EXERCISE. Take the entries below and reproduce exactly the portion that begins at the line containing "Мойка высокого давления" and ends at the line containing "옛날 고전병 저렴하게 팝니다.--1", keeping both ends, dropping pictures, and adding nothing else.

TASK INPUTS.
■ ■ ■ ■
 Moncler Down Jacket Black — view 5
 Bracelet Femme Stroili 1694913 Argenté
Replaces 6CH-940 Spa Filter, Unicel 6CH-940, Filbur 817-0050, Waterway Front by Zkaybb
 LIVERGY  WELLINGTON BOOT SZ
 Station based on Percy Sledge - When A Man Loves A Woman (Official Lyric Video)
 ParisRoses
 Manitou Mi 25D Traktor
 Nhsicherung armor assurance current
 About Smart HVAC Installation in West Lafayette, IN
■ ■ ■ ■
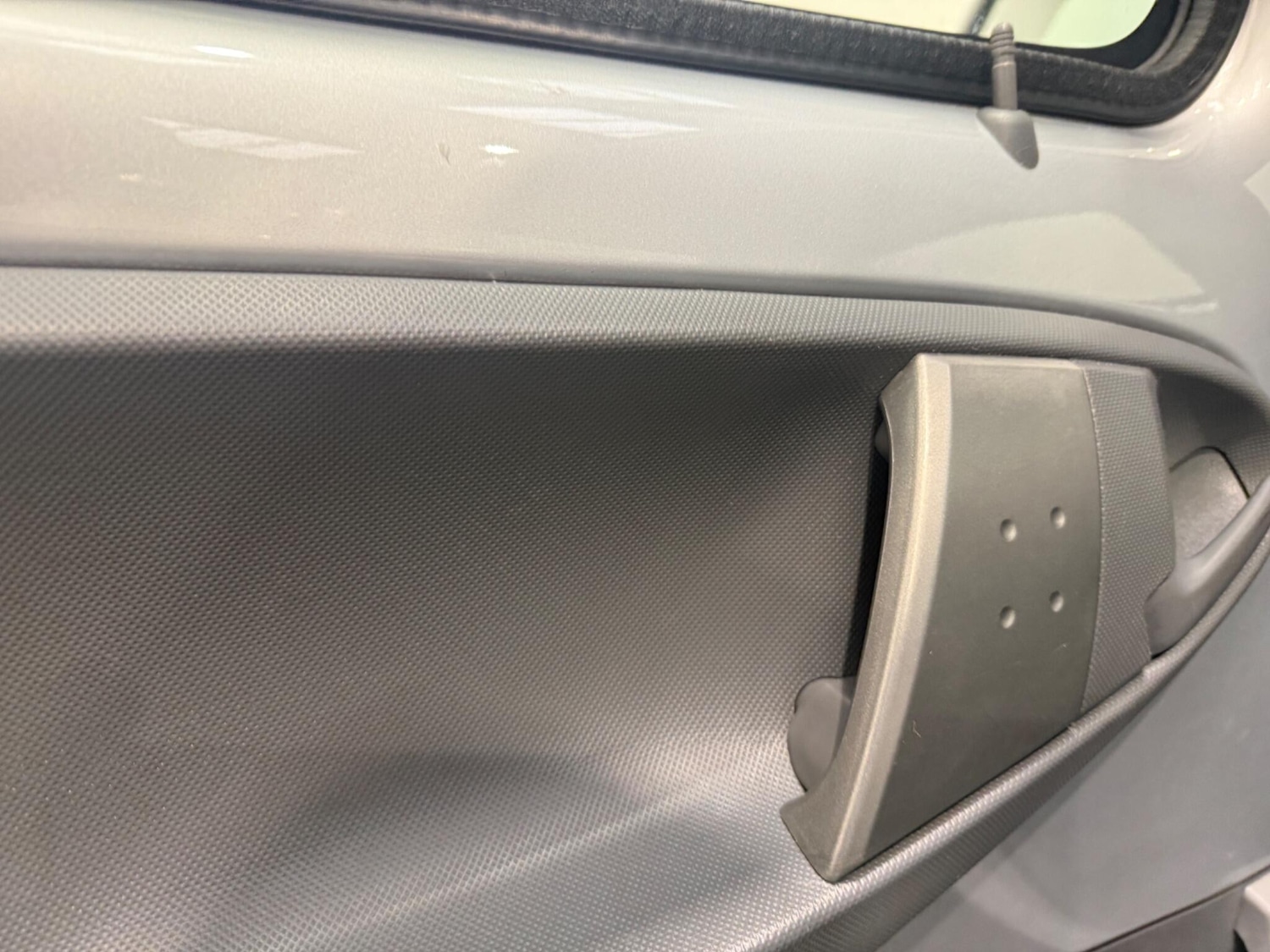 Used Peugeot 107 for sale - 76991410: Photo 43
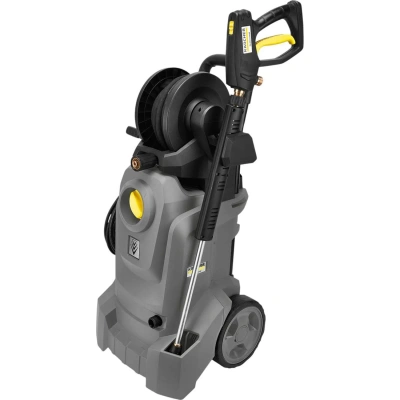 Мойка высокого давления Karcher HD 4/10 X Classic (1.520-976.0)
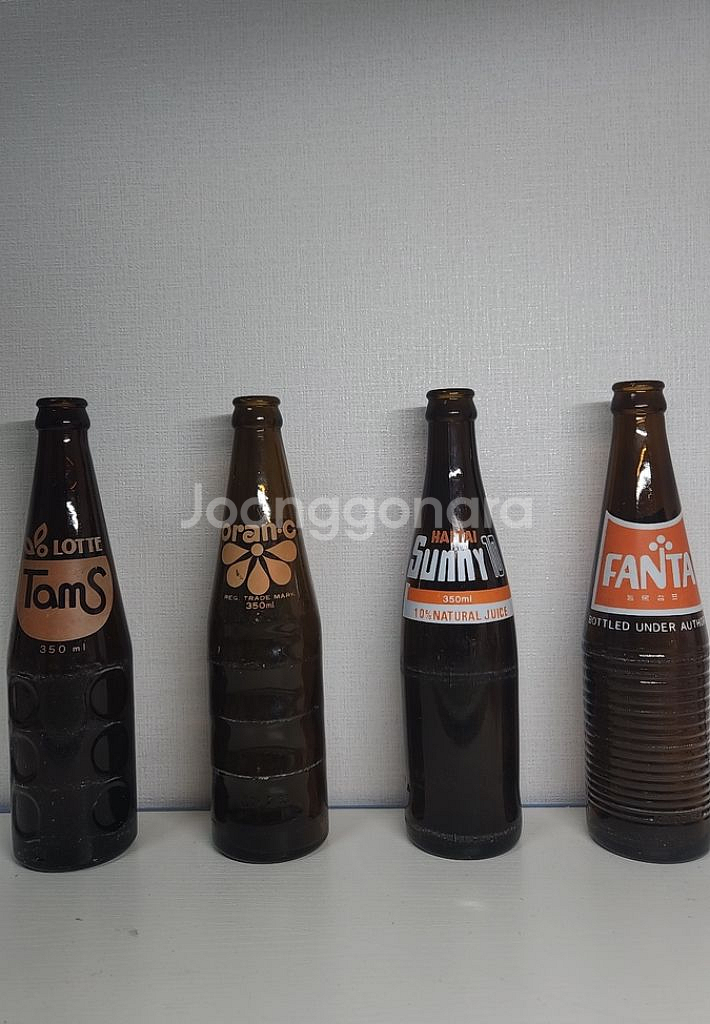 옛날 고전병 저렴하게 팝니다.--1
■ ■ ■ ■
PROBLEM SOLUTION.
 Мойка высокого давления Karcher HD 4/10 X Classic (1.520-976.0)
 옛날 고전병 저렴하게 팝니다.--1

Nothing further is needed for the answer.